First of all, to my colleague Mr. Hoback, let me say thank you very much for bringing this forward. This is a very timely piece of legislation. I don't know too many people in Canada who haven't been affected by impaired driving or who at least know somebody who has been affected by impaired driving.
I was hit by an impaired driver in October 1993. I was hit from behind by a gentleman driving a five-ton delivery truck. My head went through the back window of my pickup truck because I was launched into the intersection. I had stopped to let a little old lady cross the road. This individual had been counselled, as I found out after the fact, by defence lawyers. When I approached him and said that we needed to call the police to the scene, he wanted to simply pay for the damage to the truck and call it a wash. I could tell he was impaired at the time.
He fled the scene. He drove to the Transit Hotel in Edmonton, Alberta, and started consuming alcohol, thereby disrupting the chain of evidence. This is what happens with people who are experienced with respect to impaired driving laws. They know that they can be.... I think they are counselled by somebody who knows how to counsel them in that defence, and these are the kinds of things they do.
I am of the opinion that we should be adding a clause to the Criminal Code dealing with vehicular homicide. I know that we have other colleagues in the House of Commons who are thinking of looking at that kind of legislation. I'm wondering what your opinion is on supporting something like that. I could easily have been killed in that particular incident.

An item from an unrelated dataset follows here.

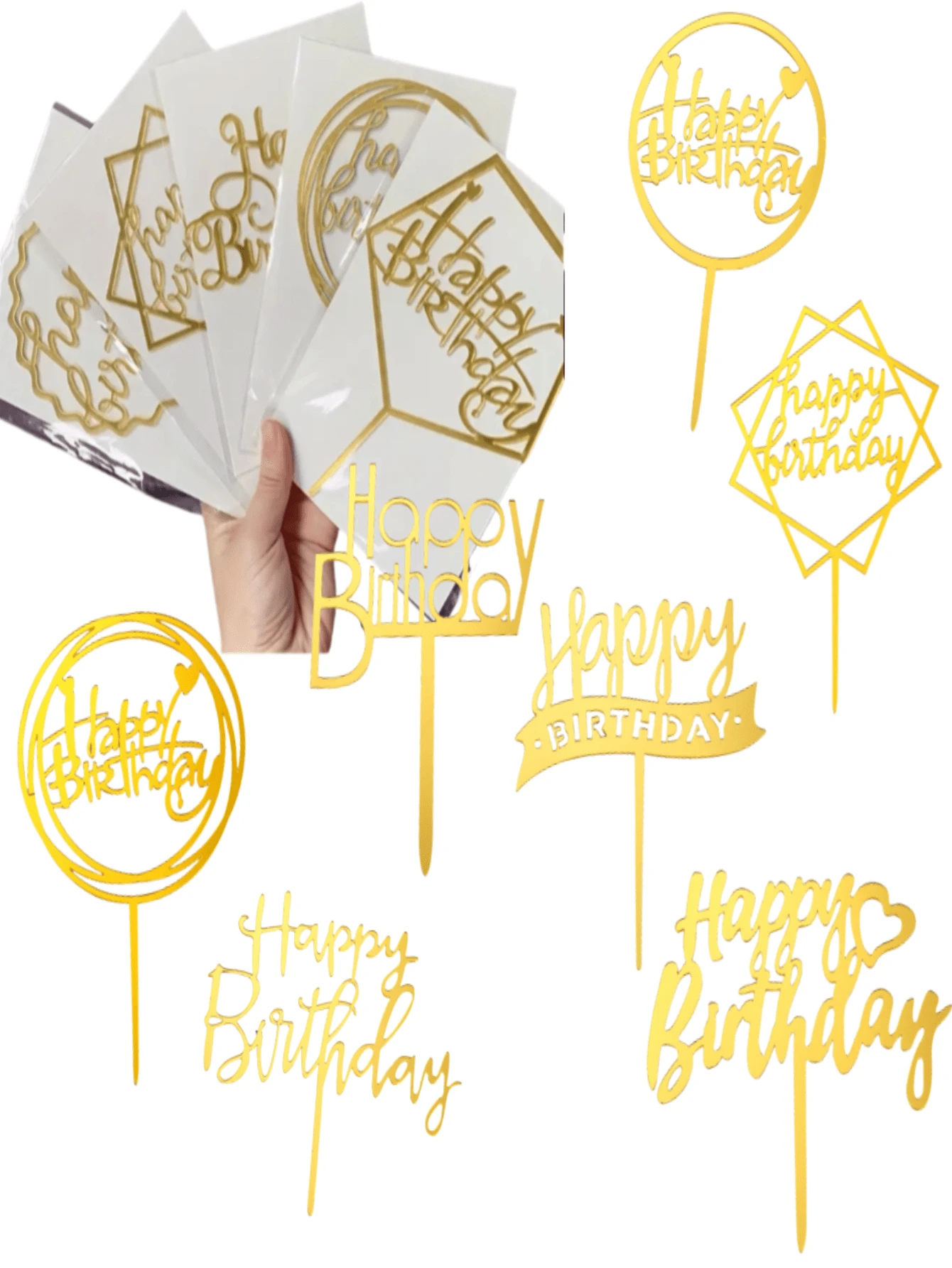 10pcs Happy Birthday Cake Toppers - Acrylic Cake Inserts For Birthday Cakes And Party Decorations Cake Decorating Cake Topper Cake Decorations Cake Decor Cake Decorating Tools - Gold - View 1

Insofar as your bill is concerned, the changes you're proposing here are obviously meant to bring more certainty and a sense of justice to the sentencing on these convictions, but are you at all concerned about the fact that sometimes we can't even get the convictions because some of the issues surrounding impaired driving are so difficult to prove and sometimes the evidence is so hard to prove in a court of law? It's one of the most onerous charges that a law enforcement officer, a police officer can.... It consumes your whole day and then some, especially when you get to court. Is this going to make the difference that you really expect it to make?